Ora, isso tudo é o xamanismo, essa especial constituição de realidade e de ética cosmológica. Os xamãs, diplomatas ou tradutores, como diz a antropóloga Manuela Carneiro da Cunha, são os responsáveis pelo arriscado trânsito de almas para além dos corpos. Um homem comum pode, na doença por exemplo, ver a gente-sucuri em suas casas (que sadio ele veria como o rio) e ser seduzido por uma bela mulher-sucuri. Ele passaria então a viver ali com a sua família sub-aquática sem se dar conta de que, na outra aldeia, seu corpo definha e preocupa a sua família "humana". Ele está doente porque incompleto ou vazio, pois a alma ou duplo está alhures com a nova mulher-sucuri. Um xamã deverá então trazê-lo de volta ao seu corpo e, assim, resolver este problema social espalhado pelo cosmos. Situações como esta acontecem com freqüência nas aldeias indígenas. O xamã ou pajé está, a rigor, acostumado com tais trânsitos. Ele já é outra pessoa, pode ter uma família com os humanos-outros, vive sempre entre duas referências, transita entre as gentes dos animais, os espíritos, as almas dos mortos. Costuma trazer de lá notícias através de seus cantos e, assim, integra o enorme contingente de entidades invisíveis ao cotidiano das aldeias. Não por acaso, alguns indígenas da Amazônia costumam dizer que o pajé "é como um rádio".

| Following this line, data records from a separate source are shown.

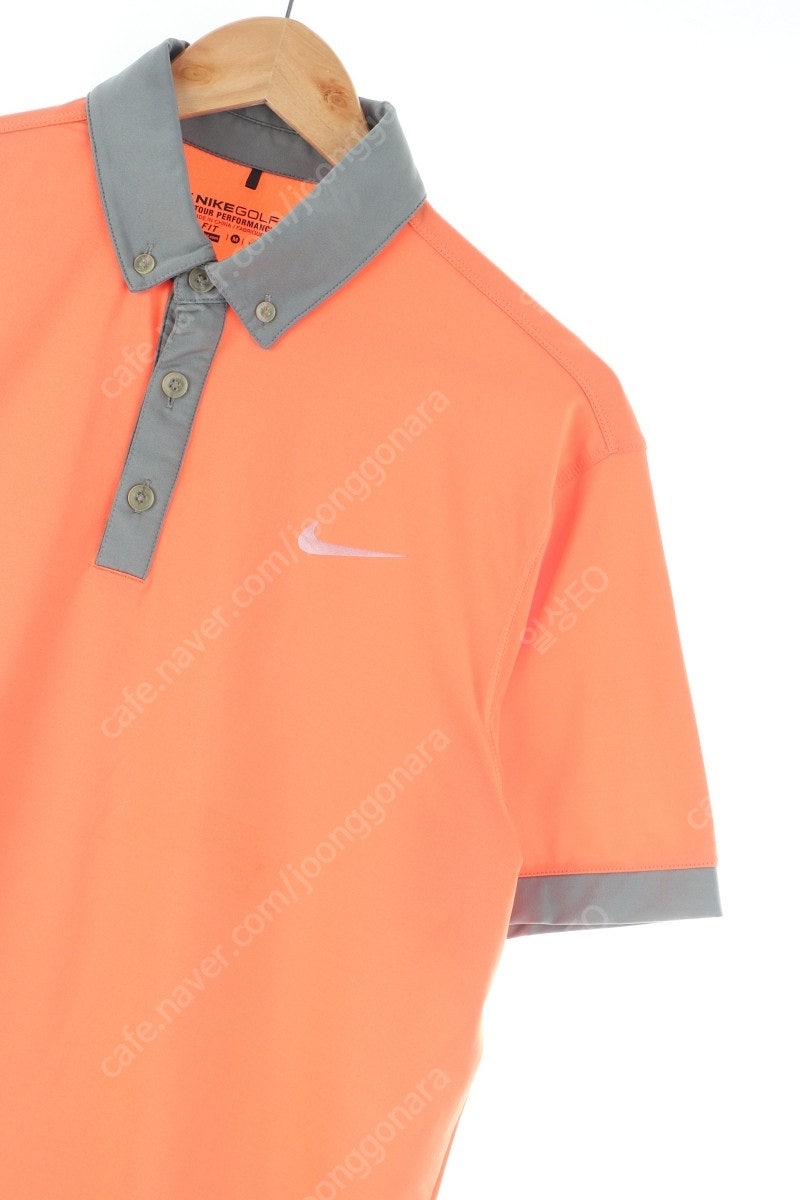 (M) 나이키 반팔 카라 티셔츠 오렌지 기능성 골프 한정판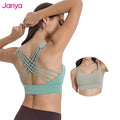 Janya Women's Cross Back Yoga Tank Top Backless Breathable Gym Fitness Clothing Shockproof High Support Sports Bra for Adults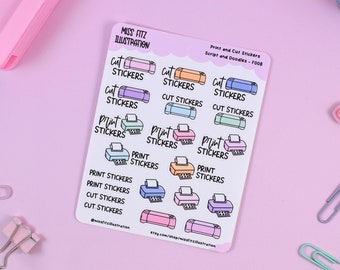 Print and Cut Stickers Script and Doodles - Planer Sticker Sheet Doodles - F008
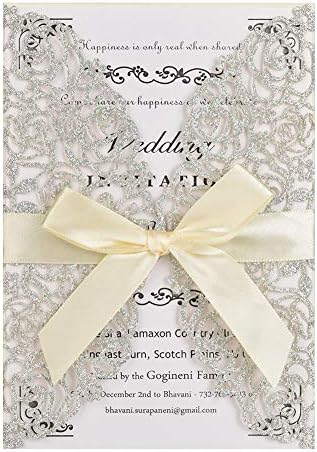 FOMTOR Laser Cut Wedding Invitation Set with Envelopes & Inserts & Seals – Perfect for Weddings, Bridal Showers, Engagements & Anniversary Celebrations - Silver, 25pcs by FOMTOR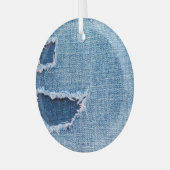 Ornement En Verre Tissu en denim déchiré, teintes bleues. (Avant gauche)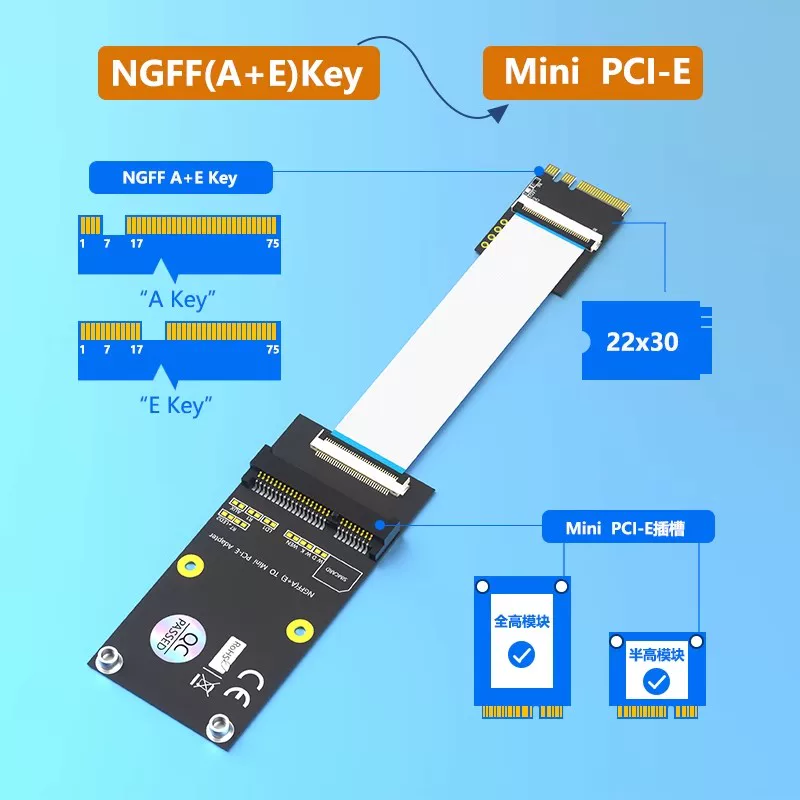 Cáp chuyển đổi M.2 NVME SSD sang giao diện Mini PCI-E, cáp chuyển đổi key B/M, cáp nối dài key A/E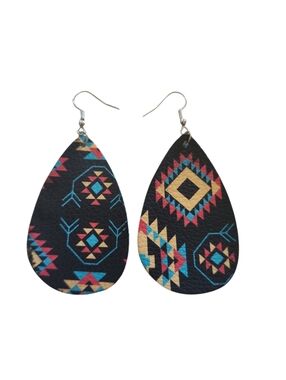 (3)Boho Teardrop Aztec Print Earrings — Black and Multi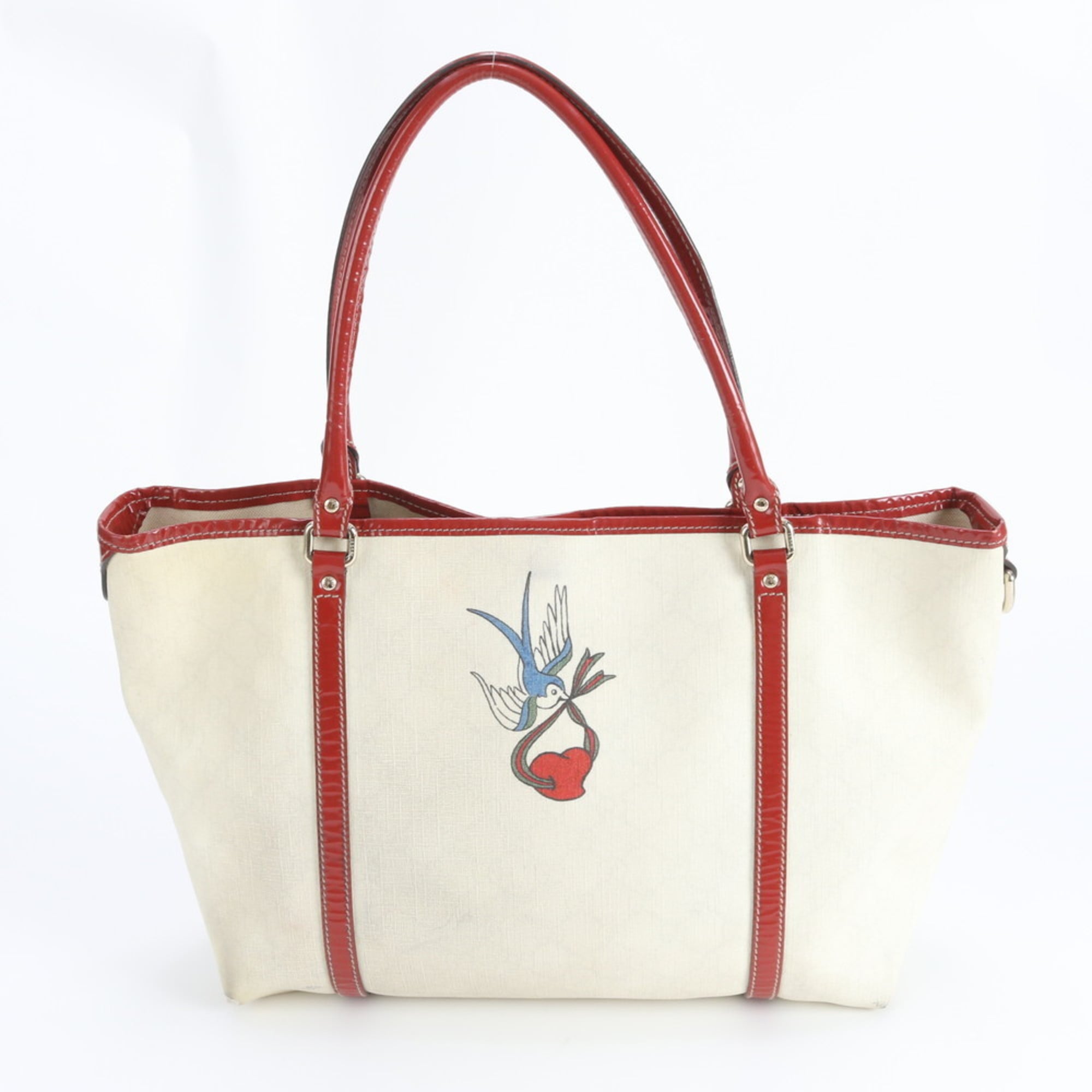 Gucci Off-White Red Color Coated Canvas Leather Handbag Tote Bag (Pre-Owned)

Um dos grandes erros está em imaginar que o xamanismo é uma espécie de mística new age, ou então uma tradição fadada ao desaparecimento pelas transformações sociais e pela problemática idéia de aculturação. O xamanismo – esta rede ou malha de conexões entre princípios anímicos que vivem por detrás dos corpos visíveis – é algo por princípio criativo e voltado para a alteridade. Exímios negociadores das multiplicidades sociais presentes desde os tempos míticos, os pajés sabem traduzir em seus próprios termos as novidades de nosso mundo. Os Maxakali são um emblema disso. Confinados em uma terra de Minas Gerais agora repleta de capim, privados da caça e do acesso à paisagem na qual outrora viviam, não deixaram entretanto de possuir uma intensa e fascinante produção ritual. Antenados, fizeram em certa festa um telefone celular de argila, utilizado para a comunicação com os espíritos das lontras3.

Notas

1. Lévi-Strauss, Claude & Eribon, Didier. De perto e de longe – entrevista com Claude Lévi-Strauss. Rio de Janeiro, Nova Fronteira, 1988.

2. Kopenawa apud Viveiros de Castro, Eduardo. "A floresta de cristal". Cadernos de Campo 14/15, 1998, pp. 319-338.

3. Imagens do filme Hemex e Xunin, Terra Indígena do Pradinho, 2005 (acervo de Rosângela de Tugny).